(Task item):
Please return the lines below verbatim, beginning at the one that has "Used 2024 Jeep" and stopping after the one that has "Snapshot of maddycrofft", and add no other lines.

**** Stored data ****

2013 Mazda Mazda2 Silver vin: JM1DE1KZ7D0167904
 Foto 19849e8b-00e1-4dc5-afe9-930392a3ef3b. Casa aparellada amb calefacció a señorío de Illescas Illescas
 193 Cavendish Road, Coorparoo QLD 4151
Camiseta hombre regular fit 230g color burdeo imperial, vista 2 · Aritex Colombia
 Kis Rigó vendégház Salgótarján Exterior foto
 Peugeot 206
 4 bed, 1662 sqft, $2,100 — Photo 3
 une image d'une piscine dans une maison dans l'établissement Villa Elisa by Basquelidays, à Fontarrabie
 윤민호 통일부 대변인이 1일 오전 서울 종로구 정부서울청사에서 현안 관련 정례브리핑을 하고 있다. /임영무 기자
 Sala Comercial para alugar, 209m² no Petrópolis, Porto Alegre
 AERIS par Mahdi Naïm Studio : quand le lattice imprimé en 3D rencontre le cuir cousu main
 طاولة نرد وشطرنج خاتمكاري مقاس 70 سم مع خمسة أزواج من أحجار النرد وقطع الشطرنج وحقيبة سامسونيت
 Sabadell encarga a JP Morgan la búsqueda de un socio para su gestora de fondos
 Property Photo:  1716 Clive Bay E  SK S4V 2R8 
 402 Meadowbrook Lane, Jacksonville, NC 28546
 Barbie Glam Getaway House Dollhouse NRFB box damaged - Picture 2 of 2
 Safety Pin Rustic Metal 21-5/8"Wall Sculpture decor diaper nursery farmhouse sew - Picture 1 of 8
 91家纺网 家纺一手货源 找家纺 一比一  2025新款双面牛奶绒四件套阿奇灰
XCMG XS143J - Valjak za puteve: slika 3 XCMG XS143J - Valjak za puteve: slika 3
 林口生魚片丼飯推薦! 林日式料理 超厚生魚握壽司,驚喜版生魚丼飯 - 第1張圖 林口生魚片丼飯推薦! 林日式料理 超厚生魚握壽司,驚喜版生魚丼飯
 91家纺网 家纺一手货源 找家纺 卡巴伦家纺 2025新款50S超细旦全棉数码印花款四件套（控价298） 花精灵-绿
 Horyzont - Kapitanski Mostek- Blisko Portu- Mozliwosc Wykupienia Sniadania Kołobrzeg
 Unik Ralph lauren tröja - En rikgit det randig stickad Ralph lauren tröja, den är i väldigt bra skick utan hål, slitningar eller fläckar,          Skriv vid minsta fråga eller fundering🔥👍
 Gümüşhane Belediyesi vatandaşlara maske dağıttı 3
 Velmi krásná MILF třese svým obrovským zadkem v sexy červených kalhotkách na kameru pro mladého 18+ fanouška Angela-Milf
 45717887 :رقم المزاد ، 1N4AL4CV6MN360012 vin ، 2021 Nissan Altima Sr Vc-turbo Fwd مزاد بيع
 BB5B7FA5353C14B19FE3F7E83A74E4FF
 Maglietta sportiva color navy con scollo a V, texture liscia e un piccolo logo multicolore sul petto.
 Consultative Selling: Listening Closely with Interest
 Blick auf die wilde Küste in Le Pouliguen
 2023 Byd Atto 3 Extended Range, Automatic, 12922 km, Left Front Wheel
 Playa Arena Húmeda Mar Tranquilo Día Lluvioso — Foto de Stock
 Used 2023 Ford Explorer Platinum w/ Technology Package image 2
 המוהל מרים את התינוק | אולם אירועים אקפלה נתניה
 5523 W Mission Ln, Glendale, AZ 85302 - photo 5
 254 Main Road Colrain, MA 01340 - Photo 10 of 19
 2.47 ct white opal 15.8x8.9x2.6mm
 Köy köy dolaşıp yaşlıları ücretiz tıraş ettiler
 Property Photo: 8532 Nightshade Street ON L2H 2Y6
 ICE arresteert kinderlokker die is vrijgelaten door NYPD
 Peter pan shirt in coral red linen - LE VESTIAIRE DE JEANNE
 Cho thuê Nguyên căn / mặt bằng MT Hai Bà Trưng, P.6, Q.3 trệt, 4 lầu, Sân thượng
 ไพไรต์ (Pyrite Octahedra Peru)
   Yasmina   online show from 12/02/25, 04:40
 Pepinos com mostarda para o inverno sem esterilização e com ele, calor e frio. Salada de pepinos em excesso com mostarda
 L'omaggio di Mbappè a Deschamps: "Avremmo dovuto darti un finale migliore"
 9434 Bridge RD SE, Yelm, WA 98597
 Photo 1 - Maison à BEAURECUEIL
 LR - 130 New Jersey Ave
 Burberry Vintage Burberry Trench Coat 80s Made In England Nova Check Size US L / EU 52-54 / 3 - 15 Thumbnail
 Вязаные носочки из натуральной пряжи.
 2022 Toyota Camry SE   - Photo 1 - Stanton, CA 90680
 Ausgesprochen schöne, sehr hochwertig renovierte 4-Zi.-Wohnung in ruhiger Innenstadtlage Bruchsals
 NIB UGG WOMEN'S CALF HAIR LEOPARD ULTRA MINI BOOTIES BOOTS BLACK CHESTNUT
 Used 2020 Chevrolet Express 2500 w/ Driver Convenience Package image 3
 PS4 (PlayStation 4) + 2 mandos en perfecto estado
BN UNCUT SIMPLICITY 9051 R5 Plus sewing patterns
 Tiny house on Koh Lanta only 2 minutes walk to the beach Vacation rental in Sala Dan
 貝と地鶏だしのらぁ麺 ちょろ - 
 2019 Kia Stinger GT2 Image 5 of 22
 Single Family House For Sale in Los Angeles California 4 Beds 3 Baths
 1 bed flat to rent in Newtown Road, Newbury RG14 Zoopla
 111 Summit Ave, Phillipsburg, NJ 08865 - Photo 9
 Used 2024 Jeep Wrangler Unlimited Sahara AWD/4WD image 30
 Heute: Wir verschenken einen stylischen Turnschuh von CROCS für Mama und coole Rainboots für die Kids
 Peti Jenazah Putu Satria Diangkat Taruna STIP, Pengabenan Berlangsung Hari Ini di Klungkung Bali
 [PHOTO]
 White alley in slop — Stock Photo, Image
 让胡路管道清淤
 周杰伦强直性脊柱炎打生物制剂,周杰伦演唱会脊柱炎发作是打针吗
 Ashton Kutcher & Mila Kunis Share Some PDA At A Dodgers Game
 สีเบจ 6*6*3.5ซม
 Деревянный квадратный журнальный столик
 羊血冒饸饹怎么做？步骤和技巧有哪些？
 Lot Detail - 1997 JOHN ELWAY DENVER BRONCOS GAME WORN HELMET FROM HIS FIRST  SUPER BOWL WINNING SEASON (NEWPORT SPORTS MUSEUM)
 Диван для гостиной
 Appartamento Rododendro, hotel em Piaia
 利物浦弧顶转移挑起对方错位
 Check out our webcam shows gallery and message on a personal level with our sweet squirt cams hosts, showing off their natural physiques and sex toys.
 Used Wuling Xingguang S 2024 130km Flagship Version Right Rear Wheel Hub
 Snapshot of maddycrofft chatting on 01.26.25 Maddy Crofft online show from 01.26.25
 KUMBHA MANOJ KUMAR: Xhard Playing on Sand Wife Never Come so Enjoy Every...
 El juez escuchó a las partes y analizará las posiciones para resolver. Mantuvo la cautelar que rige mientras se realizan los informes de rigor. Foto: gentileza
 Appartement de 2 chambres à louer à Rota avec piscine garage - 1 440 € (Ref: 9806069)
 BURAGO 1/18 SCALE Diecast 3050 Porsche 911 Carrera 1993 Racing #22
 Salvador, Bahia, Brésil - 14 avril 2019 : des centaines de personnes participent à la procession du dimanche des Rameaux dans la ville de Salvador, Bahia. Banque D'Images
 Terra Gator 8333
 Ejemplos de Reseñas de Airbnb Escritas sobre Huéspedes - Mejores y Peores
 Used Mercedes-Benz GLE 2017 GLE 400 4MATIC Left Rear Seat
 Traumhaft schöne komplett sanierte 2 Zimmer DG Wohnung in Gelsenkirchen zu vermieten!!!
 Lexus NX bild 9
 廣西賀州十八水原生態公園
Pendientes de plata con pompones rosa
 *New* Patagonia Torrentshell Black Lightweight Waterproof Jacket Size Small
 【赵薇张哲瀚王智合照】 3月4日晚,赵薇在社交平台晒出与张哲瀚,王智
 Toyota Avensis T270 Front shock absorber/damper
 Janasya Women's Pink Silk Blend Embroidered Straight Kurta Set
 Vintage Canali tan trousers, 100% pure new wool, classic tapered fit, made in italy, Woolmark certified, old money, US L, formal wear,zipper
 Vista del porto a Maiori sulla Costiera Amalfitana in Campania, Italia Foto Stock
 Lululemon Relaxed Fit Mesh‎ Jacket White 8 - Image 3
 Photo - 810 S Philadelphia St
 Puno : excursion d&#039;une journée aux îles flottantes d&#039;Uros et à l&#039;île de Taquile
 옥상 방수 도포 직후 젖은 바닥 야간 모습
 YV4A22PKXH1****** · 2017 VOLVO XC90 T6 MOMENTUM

****

(Response area):
 Used 2024 Jeep Wrangler Unlimited Sahara AWD/4WD image 30
 Heute: Wir verschenken einen stylischen Turnschuh von CROCS für Mama und coole Rainboots für die Kids
 Peti Jenazah Putu Satria Diangkat Taruna STIP, Pengabenan Berlangsung Hari Ini di Klungkung Bali
 [PHOTO]
 White alley in slop — Stock Photo, Image
 让胡路管道清淤
 周杰伦强直性脊柱炎打生物制剂,周杰伦演唱会脊柱炎发作是打针吗
 Ashton Kutcher & Mila Kunis Share Some PDA At A Dodgers Game
 สีเบจ 6*6*3.5ซม
 Деревянный квадратный журнальный столик
 羊血冒饸饹怎么做？步骤和技巧有哪些？
 Lot Detail - 1997 JOHN ELWAY DENVER BRONCOS GAME WORN HELMET FROM HIS FIRST  SUPER BOWL WINNING SEASON (NEWPORT SPORTS MUSEUM)
 Диван для гостиной
 Appartamento Rododendro, hotel em Piaia
 利物浦弧顶转移挑起对方错位
 Check out our webcam shows gallery and message on a personal level with our sweet squirt cams hosts, showing off their natural physiques and sex toys.
 Used Wuling Xingguang S 2024 130km Flagship Version Right Rear Wheel Hub
 Snapshot of maddycrofft chatting on 01.26.25 Maddy Crofft online show from 01.26.25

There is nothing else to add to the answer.